Years ago we would gather at Gerri Gilliland's signature cafe on Main Street in Santa Monica and feast on all the familiar fare: crab cakes with some sort of aioli, a radicchio and endive salad with parmesan and balsamic, a good steak or piece of fish and even a vegetable and cous cous dish for the vegetarian minded. It wasn't that Gerri was not a chef. She was and is. It was her dynamic personality and straightforward cooking that made her neighborhood restaurant so popular. For all the celebrities to be found at 72 Market and West Beach in those days, you'd find many of them at Gilliland's as well. And being Irish she had an innate way with pastry. I still dream about her warm soda bread with melted butter and lemon tart.

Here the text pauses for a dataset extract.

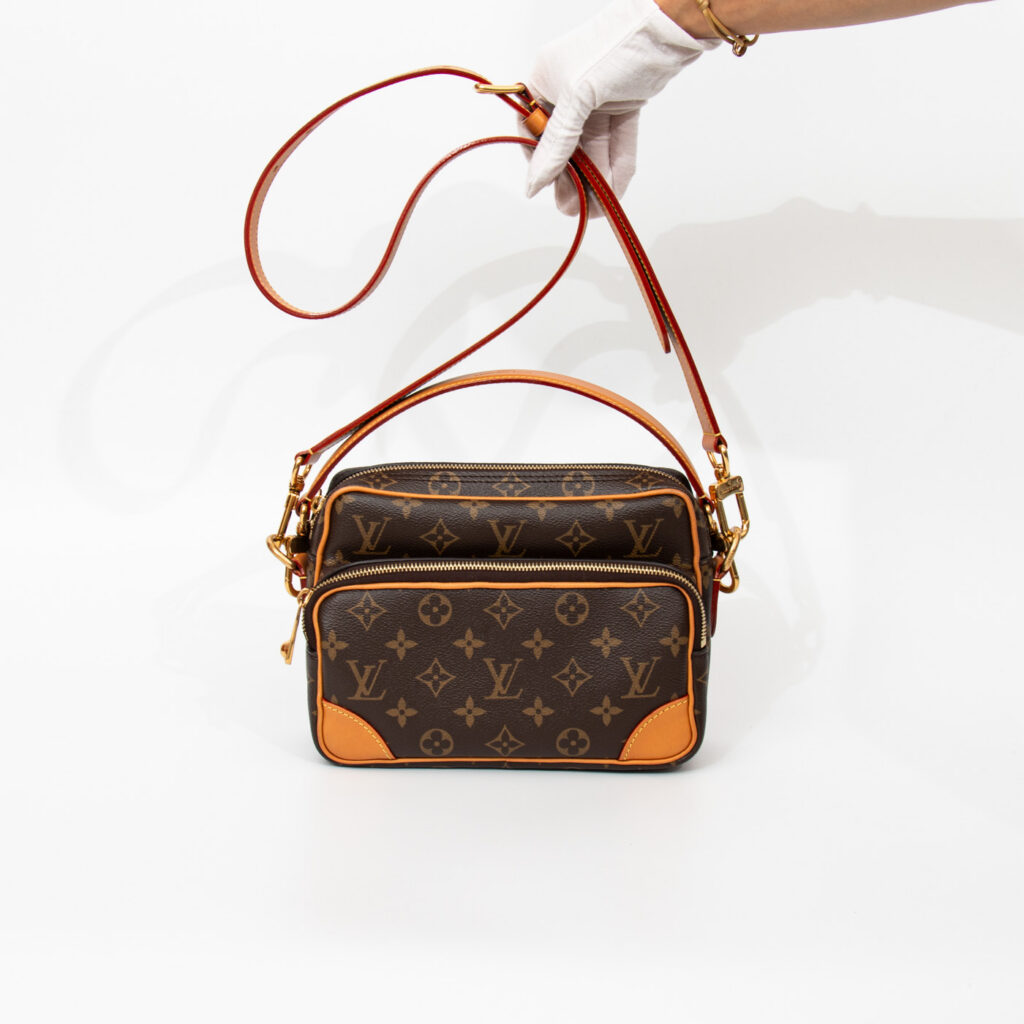 Louis Vuitton Nil Camera Messenger Bag Monogram Canvas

Dining with two friends at Taste on Melrose last night, I was reminded of those simpler days on Main St. Melrose is sassier to be sure and Taste's sure footed and impressive design attests to that. Candles and lanterns are used effectively and there's a real grown up feel to this young restaurant. Unlike Ortolon on 3rd, here is a front patio we could of easily sat on, as many did, even in last night's wet weather. As it was we were accorded a front and center window table in the slightly raised dining room but it seemed to me that there wasn't a bad table in the house. Was this really Bourbon St. Shrimp at one time?
Like the design, the food has no discernable pedigree; or, at least, you don't go in name dropping the chef. This is a comfortable easy going neighborhood restaurant with good cooking, friendly and efficient service and stylish enough to attract a wonderfully mixed crowd.
Two of us arrived early and were grateful for the spiced fried calamari with a lime mayonnaise for $8. I particularly liked the pizzette section for noshing and enjoyed the pear and gorgonzola version that one friend paired well with a glass of a Sangiovese rose. Other wines by the glass included a Stone Street Chardonnay for $11 and an Oyster Bay SB for $7.50. The small wine list has some great affordable offerings but a 2003 Soter Pinot Noir courtesy of Mission Wines in Pasadena pretty much provided and stole the thunder of the evening.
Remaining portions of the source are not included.